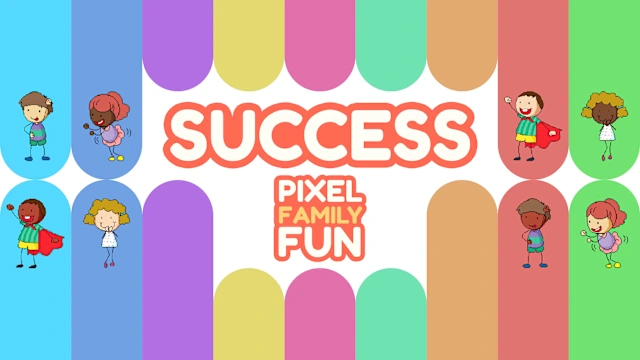 Success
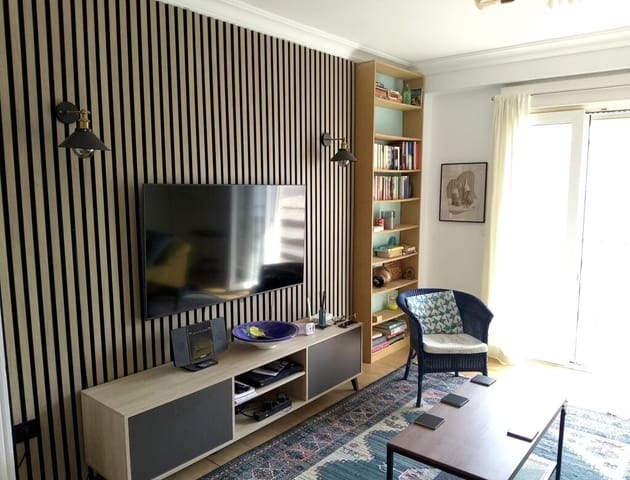 3 camera da letto Appartamento in vendita in Oliva - 135.000 € (Rif: 9341073)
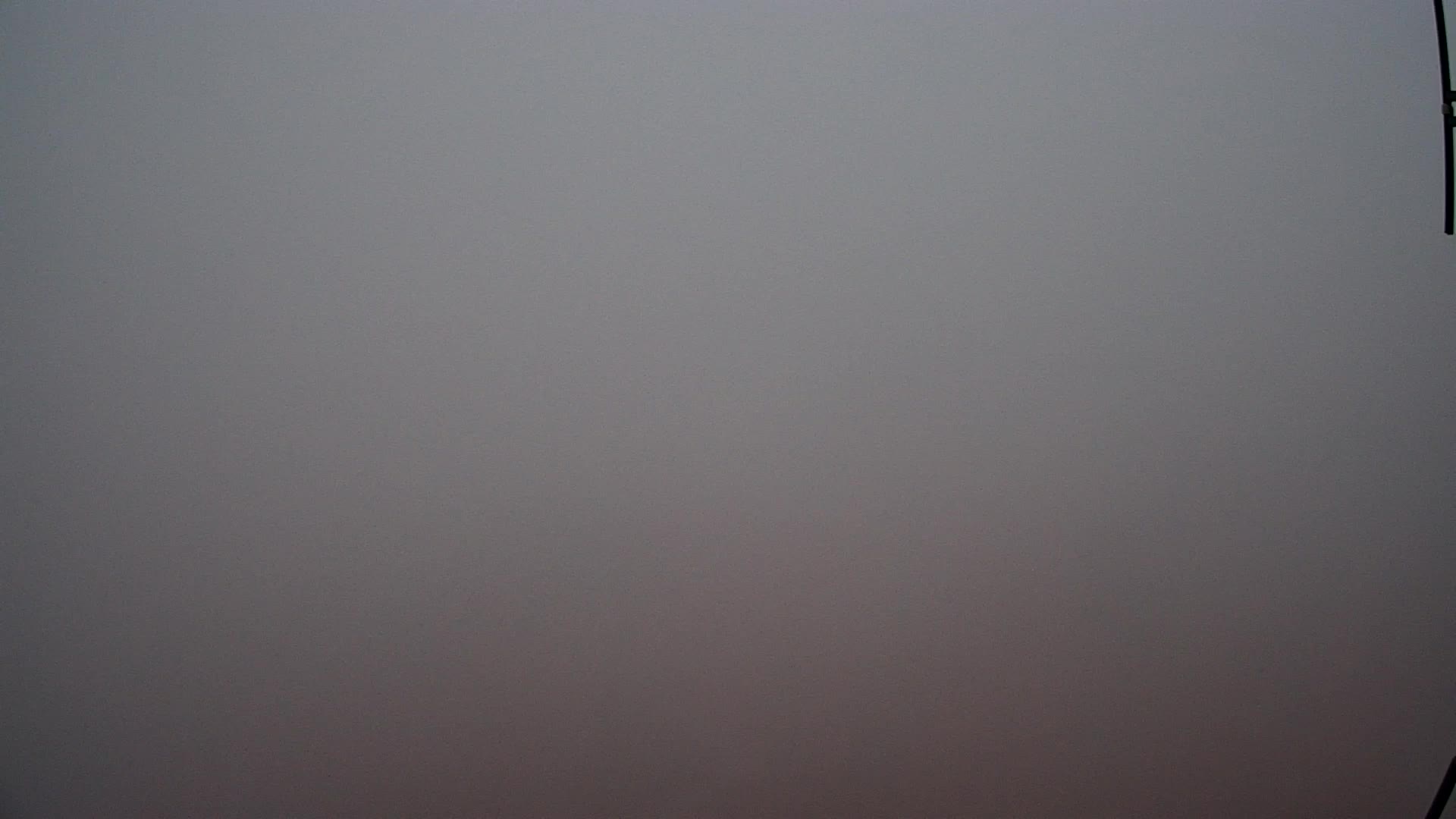 Kronplatz vrh | pogled na Valdaoro – Olang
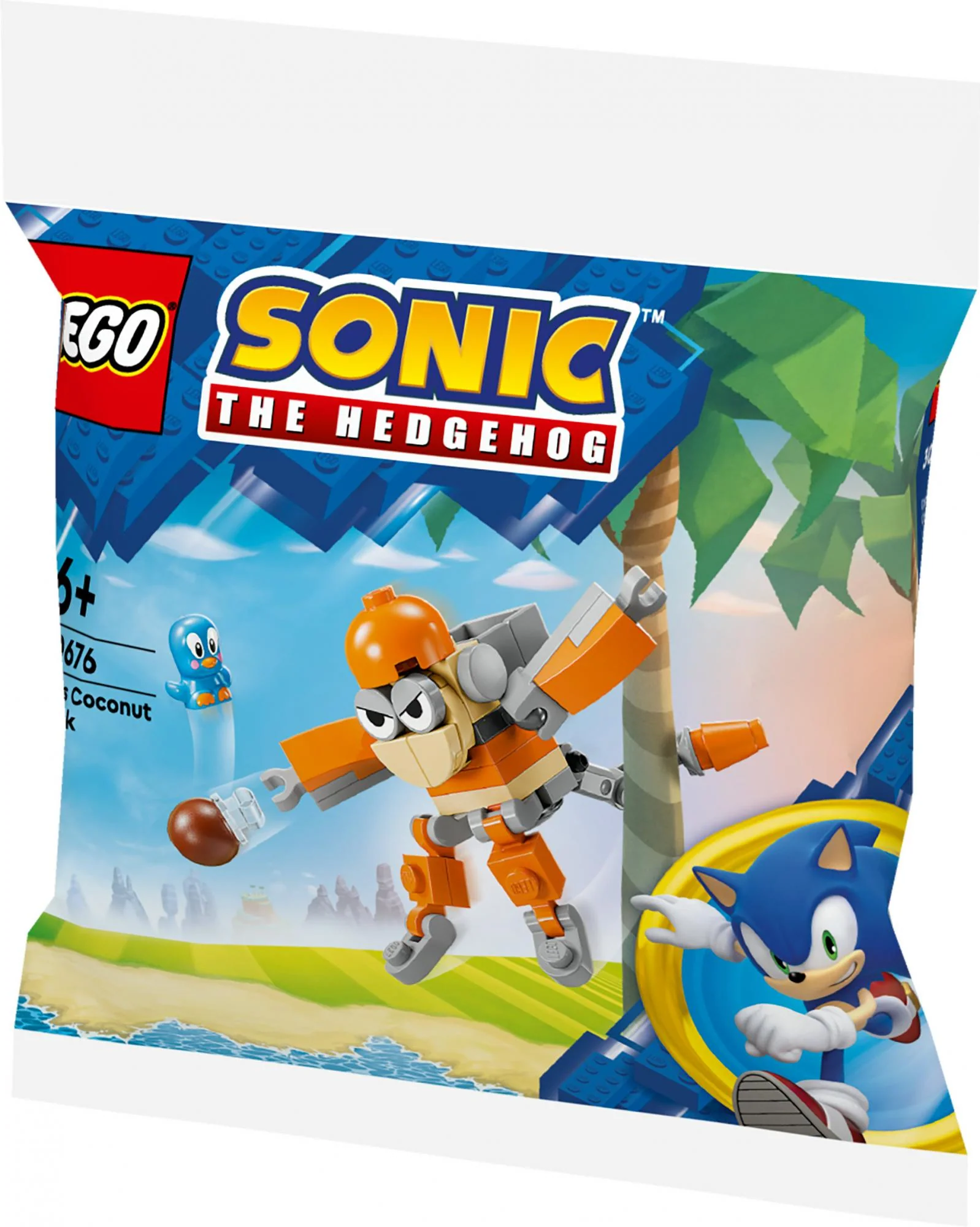 Produktbillede 6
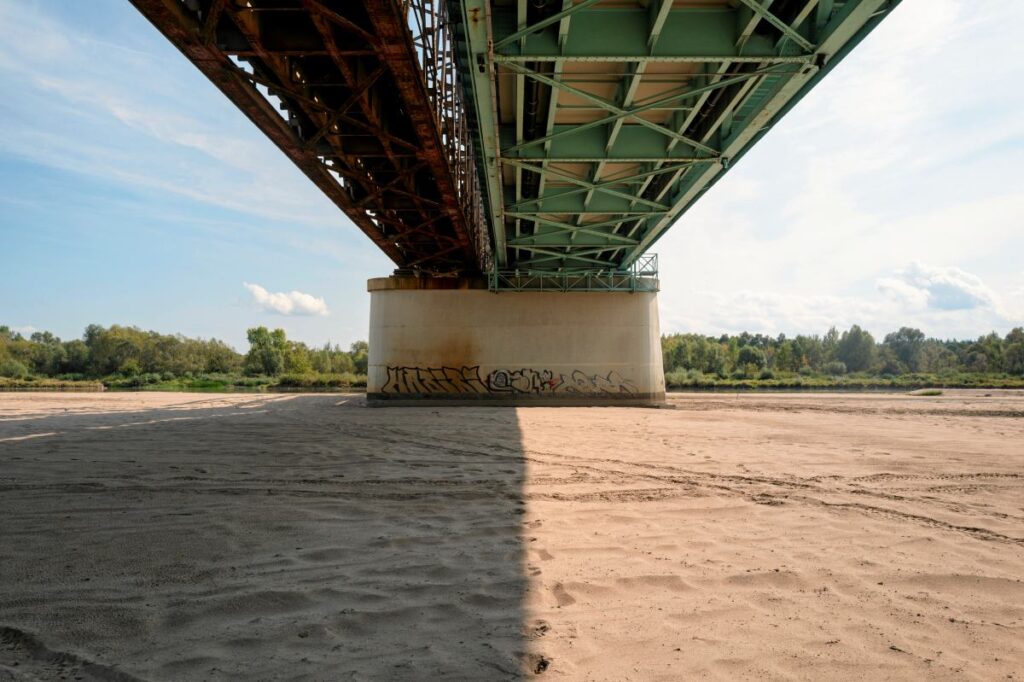 bm raporu su i flasi gercegi ve kuresel uyari 37202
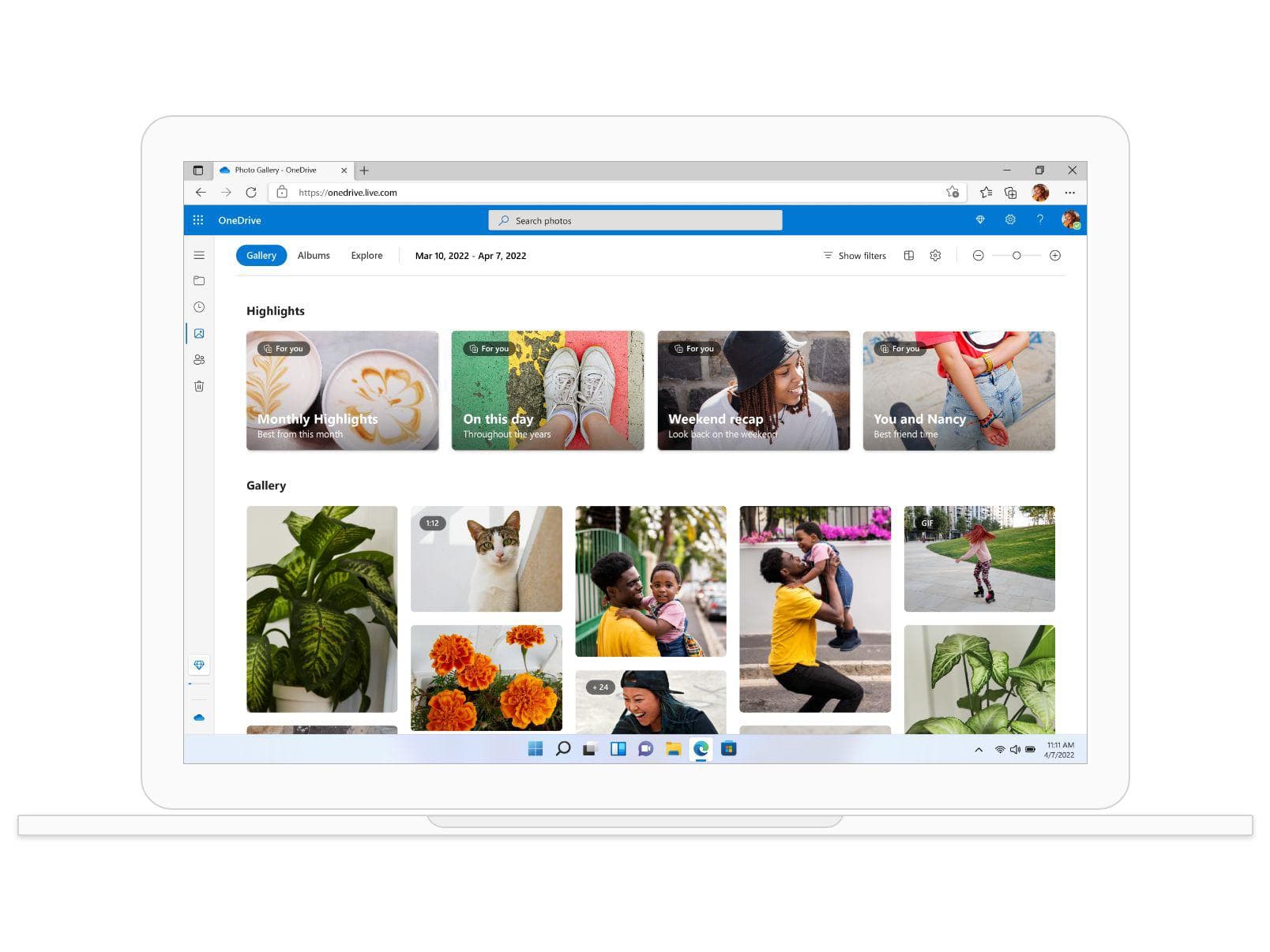 Zu den Microsoft-Lizenzen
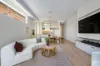 52B Stone Street, Earlwood, NSW 2206-Image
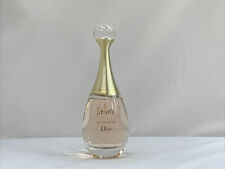 J'adore by Christian Dior EDP for women 3.4 oz / 100 ml *NEW* No Box picture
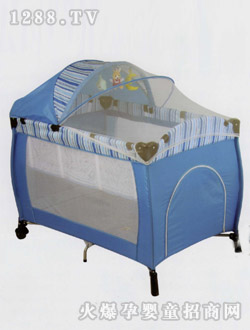 ���\���{(l��n)ɫyinge��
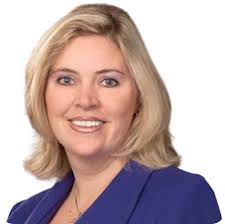 Your Trusted Mortgage Experts: Primary Local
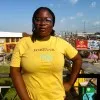 Adekemi Adeleke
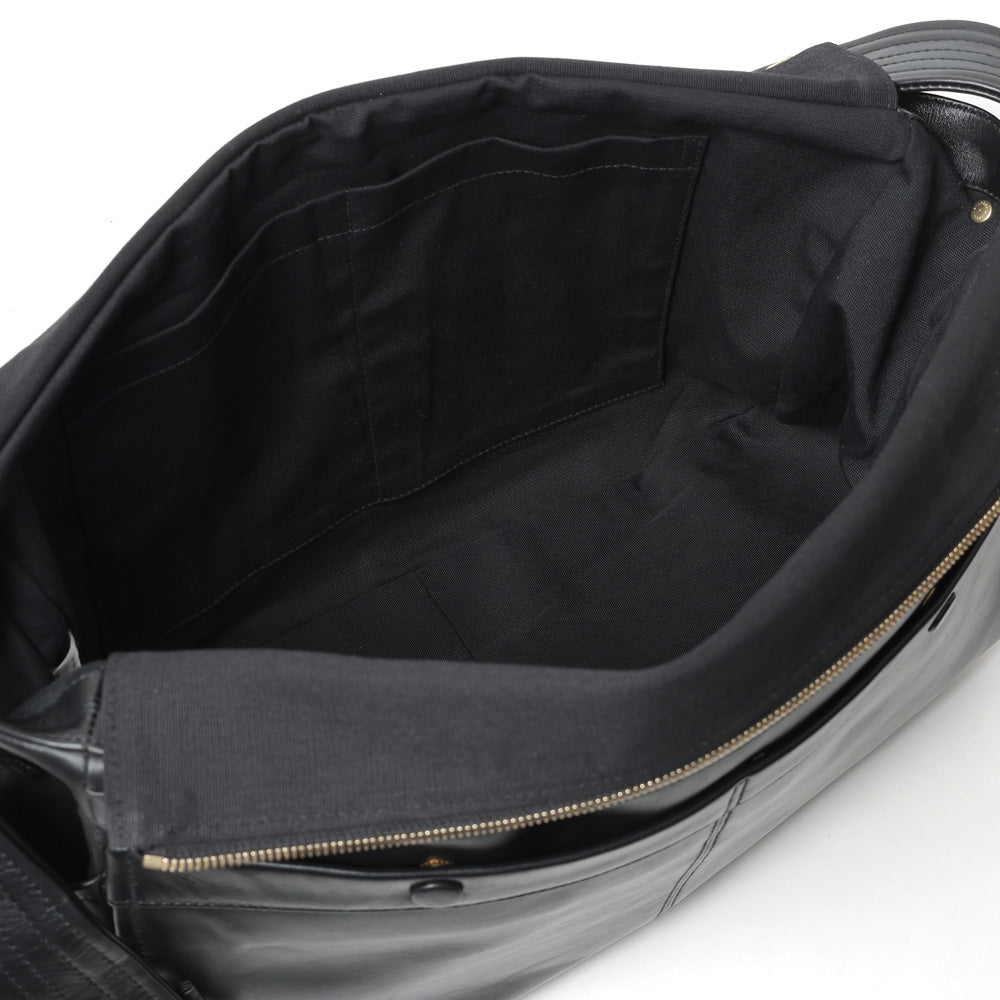 CCU (C-C-U) NEW NEWSPAPER BAG M BG-41-C-COW-5 (BG-41-C-COW-5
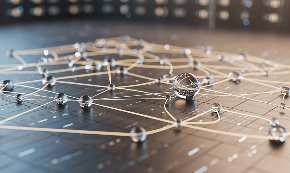 클라우드 네이티브 보안과의 통합 섹션 이미지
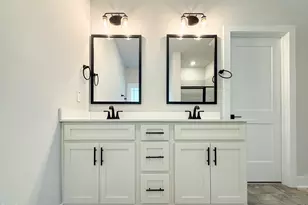 73 Sunburst Ct, Fuquay Varina, NC 27526 - Photo 6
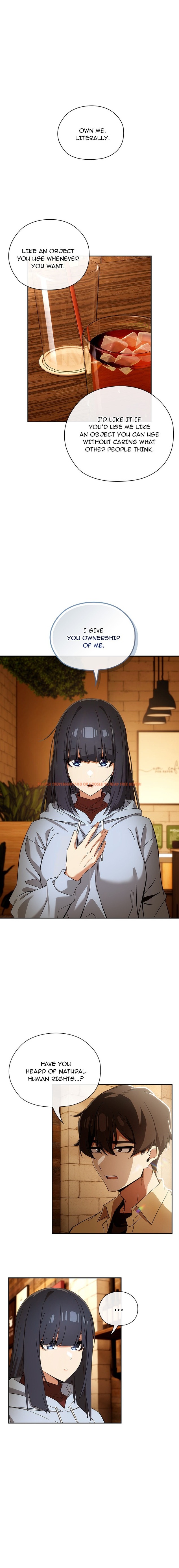 Read Hentai Image 1 51133 in comic Switch On Season 2 - Chapter 4 - www.hentaitnt.net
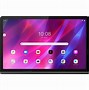 Image result for Cheapest Tablets On Sale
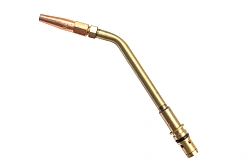 *M210B электрический миксер Schtaer 1800W 220V/50Hz, с двумя насадками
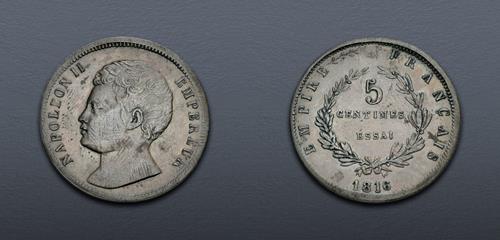 Lot 680 image
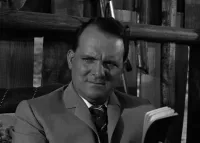 Золота куля - Скріншот 4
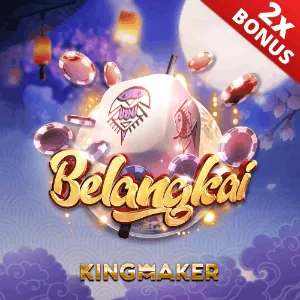 Fast Payouts Icon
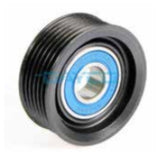 Idler Pulley AUDI MERCEDES JEEP KIA VOLKS EP262 - Nuline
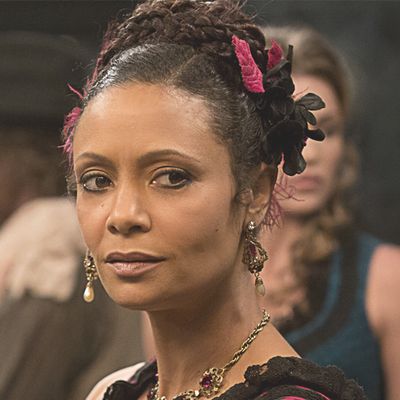 Westworld’s Back: What To Expect From Season 2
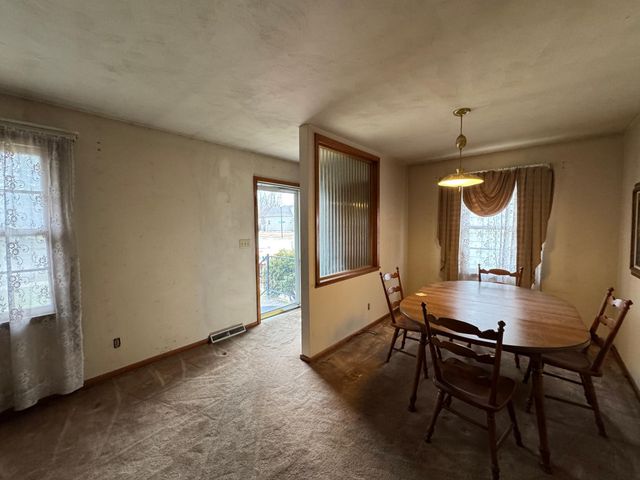 503 N 6th Street, Marshall, MN 56258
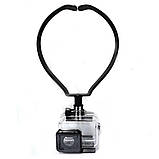 Кріплення для телефона на шию Point of View, фото 5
######
PROBLEM TO SOLVE - Only an exact copy of the records, free of images, belongs in the answer.

EXERCISE RESULT -
 Success
 3 camera da letto Appartamento in vendita in Oliva - 135.000 € (Rif: 9341073)
 Kronplatz vrh | pogled na Valdaoro – Olang
 Produktbillede 6
 bm raporu su i flasi gercegi ve kuresel uyari 37202
 Zu den Microsoft-Lizenzen
 52B Stone Street, Earlwood, NSW 2206-Image
 J'adore by Christian Dior EDP for women 3.4 oz / 100 ml *NEW* No Box picture
 ���\���{(l��n)ɫyinge��
 Your Trusted Mortgage Experts: Primary Local
 Adekemi Adeleke
 CCU (C-C-U) NEW NEWSPAPER BAG M BG-41-C-COW-5 (BG-41-C-COW-5
 클라우드 네이티브 보안과의 통합 섹션 이미지
 73 Sunburst Ct, Fuquay Varina, NC 27526 - Photo 6
 Read Hentai Image 1 51133 in comic Switch On Season 2 - Chapter 4 - www.hentaitnt.net
 Image result for Cheapest Tablets On Sale
 *M210B электрический миксер Schtaer 1800W 220V/50Hz, с двумя насадками
 Lot 680 image
 Золота куля - Скріншот 4
 Fast Payouts Icon
 Idler Pulley AUDI MERCEDES JEEP KIA VOLKS EP262 - Nuline
 Westworld’s Back: What To Expect From Season 2
 503 N 6th Street, Marshall, MN 56258
 Кріплення для телефона на шию Point of View, фото 5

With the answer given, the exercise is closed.